Pun, As’ad Umam. Dia penemu Metode Iqro’: Cara Cepat Belajar Membaca Al-Qur’an. Dia seperti Pak AR, yang meski tak selesai belajar di Mu’allimin tapi termasuk yang bersinar. Karyanya, buku Iqro’, melegenda. Disebut demikian karena dipakai tak hanya di Indonesia tapi juga, sekadar menyebut, di Malaysia, Singapura, Brunei, Thailand, Filipina, Eropa, dan Amerika.

Penulis saat memberi materi di Madrasah Mu’allimin Muhammadiyah Yogyakarta

Profil Lembaga

Mu’allimin terletak di Jalan S. Parman 68, Wirobrajan Yogyakarta. Mu’allimin terbilang di tengah kota. Posisinya, terhitung dekat dengan banyak lokasi penting.

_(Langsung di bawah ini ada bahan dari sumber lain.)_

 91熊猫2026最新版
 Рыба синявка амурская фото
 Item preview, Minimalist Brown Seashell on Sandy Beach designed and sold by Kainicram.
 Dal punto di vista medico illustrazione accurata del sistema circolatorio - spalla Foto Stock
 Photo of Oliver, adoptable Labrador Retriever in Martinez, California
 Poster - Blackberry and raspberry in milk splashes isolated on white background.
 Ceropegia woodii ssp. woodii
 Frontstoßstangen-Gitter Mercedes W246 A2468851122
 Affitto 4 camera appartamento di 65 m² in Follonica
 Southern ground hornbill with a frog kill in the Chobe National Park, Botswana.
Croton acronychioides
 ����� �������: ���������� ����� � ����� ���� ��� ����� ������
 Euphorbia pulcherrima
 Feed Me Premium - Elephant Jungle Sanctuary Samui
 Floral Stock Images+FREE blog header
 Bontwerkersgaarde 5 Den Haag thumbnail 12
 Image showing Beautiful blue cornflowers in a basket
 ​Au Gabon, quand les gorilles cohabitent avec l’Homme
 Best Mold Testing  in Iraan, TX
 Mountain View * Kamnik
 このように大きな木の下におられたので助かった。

Mu’allimin hanya sekitar 2 km ke Keraton Yogyakarta. Jika dengan motor, perlu sekitar 5 menit perjalanan. Mu’allimin hanya sekitar 3,3 km ke Stasiun KA Tugu. Butuh sekitar 10 menit dengan motor.

Mu’allimin hanya 3,2 km ke Pesantren Krapyak. Perlu sekitar 10 menit dengan motor. Mu’allimin ke Masjid Jogokariyan juga perlu sekitar 10 menit karena masjid beken itu berdekatan dengan Pesantren Krapryak.

Mu’allimin menempati areal seluas 9,125 meter persegi. Di dalamnya antara lain ada ruang manajemen, kelas, dan asrama. Saat kita masuk melalui pintu gerbang, kita akan menjumpai halaman yang cukup lapang.

Di sisi utara bagian tengah halaman itu, menghadap ke selatan (ke arah jalan raya), berdiri gagah gedung utama Mu’allimin empat lantai. Di lantai pertama ada seperangkat meja penerima tamu. Adapun bagian paling luas dari lantai satu dipakai untuk perpustakaan.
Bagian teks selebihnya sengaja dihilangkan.